Weird histogram looking

Dear all,
can someone help me to understand why I get this histogram?
agent_adults_last is 1236145-element Vector{Float64} with balues between 7.0 and 25.0
Never happened to me.

it seems that it is a large sample size limit, because this works:


gr()
histogram(agent_adults_last.Lw[1:1000000],
    bins=30
)

thank you

Your issue is that it makes a line plot instead of bars ? I’ve noticed that before but I’m not sure if it’s a bug or a feature…

One solution is to do the plot yourself, which gives you full control on how the its made :

using StatsBase, Plots

data = randn(100_000)
bins = LinRange(-3,3,100)

h = fit(Histogram, data, bins)

x = h.edges[1][1:end-1]
y = h.weights

bar(x,y)
1 Like

I believe that’s a feature, although I can’t find where it’s defined as the whole Plots machinery is very opaque to me

I think the point is simply that the number of bins by default scales with the number of observations, and at some point you are basically getting a density plot rather than a histogram. That point is 1 million observations:

julia> histogram(randn(1_000_000))

julia> histogram(randn(1_000_001))

You can also see the benefit of this here - with lots of bins you have more bin edges than actual bins (although this is exaggerated here because I use linewidth = 2 by default).

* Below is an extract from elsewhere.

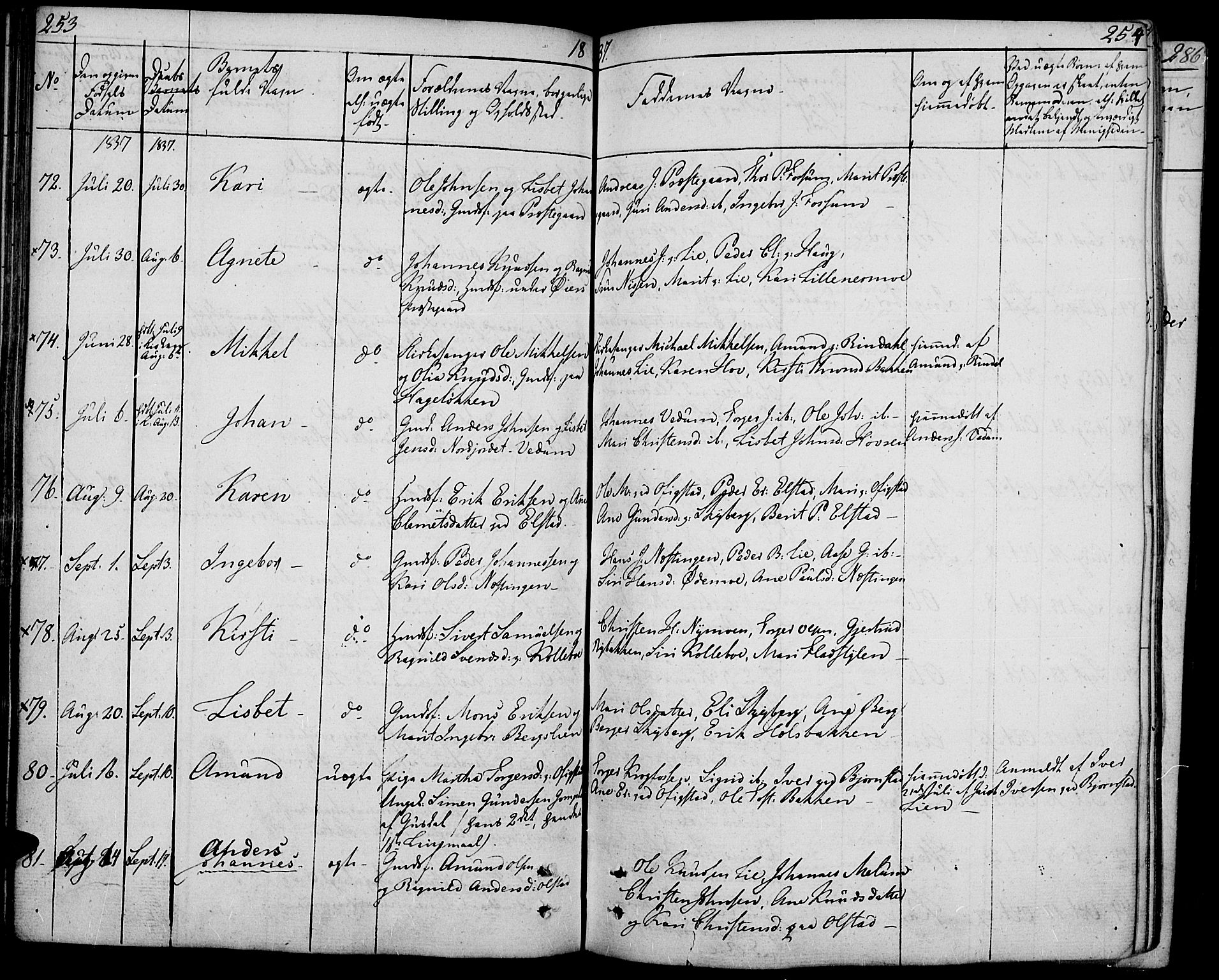 Øyer prestekontor, AV/SAH-PREST-084/H/Ha/Haa/L0004: Parish register (official) no. 4, 1824-1841, p. 253-254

Of course this isn’t all that sensible if you set the number of bins yourself…

4 Likes

Basically your histogram got transformed into a stephist: Histograms · Plots. I think it’s actually way cleaner than the usual filled-bars histogram when you have a lot of data, like from simulations. For me, it’s especially useful when I want to plot multiple potentially overlapping histograms. With the usual bars the plot quickly becomes cluttered because everything is overlapping, the bar edges obscure the actual bars etc.

If you’re working with lots of histograms allow me to introduce you to Makie Plotting · FHist.jl

1 Like